Last edited by ejolson on Fri Aug 09, 2019 12:15 am, edited 3 times in total.

Heater
Posts: 13088
Joined: Tue Jul 17, 2012 3:02 pm

Re: Project Digital Apocalypse Not Now

Thu Aug 08, 2019 6:54 pm

I spent enough time on the insane-british-anagram in Rust to run as a native executable, under node.js and in the browser that I thought it was time it had it's own Github repository: https://github.com/ZiCog/insane-british-anagram-rust

If nothing else it might serve as a small, simple, working example for anyone who wants to get high speed code running in a web page.

ejolson
Posts: 3407
Joined: Tue Mar 18, 2014 11:47 am

Re: Project Digital Apocalypse Not Now

Thu Aug 08, 2019 8:03 pm

Heater wrote:
Thu Aug 08, 2019 6:54 pm
If nothing else it might serve as a small, simple, working example for anyone who wants to get high speed code running in a web page.
How difficult do you think it would be to run this Pi Pie Chart program in the browser? The graphical output is already in SVG format, so should be easy to display along with the text. Is OpenMP available yet?

Heater
Posts: 13088
Joined: Tue Jul 17, 2012 3:02 pm

Re: Project Digital Apocalypse Not Now

Thu Aug 08, 2019 8:34 pm

No, no, no, I'm not going to look down that rabbit hole.

If it's all plain C that does no file I/O and does not use threads you can simple compile it with emscripten instead of gcc. emcc takes all the same options.
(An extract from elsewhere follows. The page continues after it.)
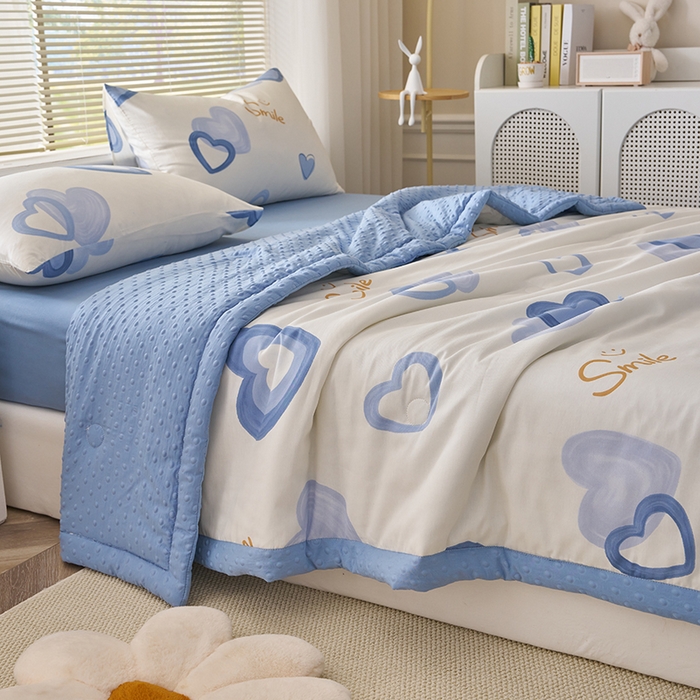 91家纺网 家纺一手货源 找家纺 暖阳 2025年新款纯棉豆豆夏被夏凉被被子被芯 豆豆-浪漫心语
Arrange for a function that returns the SVG as a sting.

If there is any file I/O in there it emscripten simulates a lot of the standard C library API and maintains a file system in memory.

I suspect threads and are right out.

ejolson
Posts: 3407
Joined: Tue Mar 18, 2014 11:47 am

Re: Project Digital Apocalypse Not Now

Fri Aug 09, 2019 12:28 am

Heater wrote:
Thu Aug 08, 2019 8:34 pm
No, no, no, I'm not going to look down that rabbit hole.

If it's all plain C that does no file I/O and does not use threads you can simple compile it with emscripten instead of gcc. emcc takes all the same options. Arrange for a function that returns the SVG as a sting.

If there is any file I/O in there it emscripten simulates a lot of the standard C library API and maintains a file system in memory.

I suspect threads and are right out.
From what I read, plans to support parallel processing by means of threads in WASM have been planned for some time. Here is some interesting research exploring task-based parallelism.

User avatar
John_Spikowski
Posts: 1330
Joined: Wed Apr 03, 2019 5:53 pm
Location: Anacortes, WA USA
Contact: Website Twitter

Re: Project Digital Apocalypse Not Now

Fri Aug 09, 2019 9:01 am

Nice work @ejolson using VB. It was enlightening to see that there is a stable VB compiler for Linux.

ejolson
Posts: 3407
Joined: Tue Mar 18, 2014 11:47 am

Re: Project Digital Apocalypse Not Now

Fri Aug 09, 2019 4:42 pm

John_Spikowski wrote:
Fri Aug 09, 2019 9:01 am
Nice work @ejolson using VB. It was enlightening to see that there is a stable VB compiler for Linux.
Mono seems to work pretty well on the Raspberry Pi. Although C# is being promoted more (even my brother has become a C# expert), Visual Basic has maintained feature parity until recently.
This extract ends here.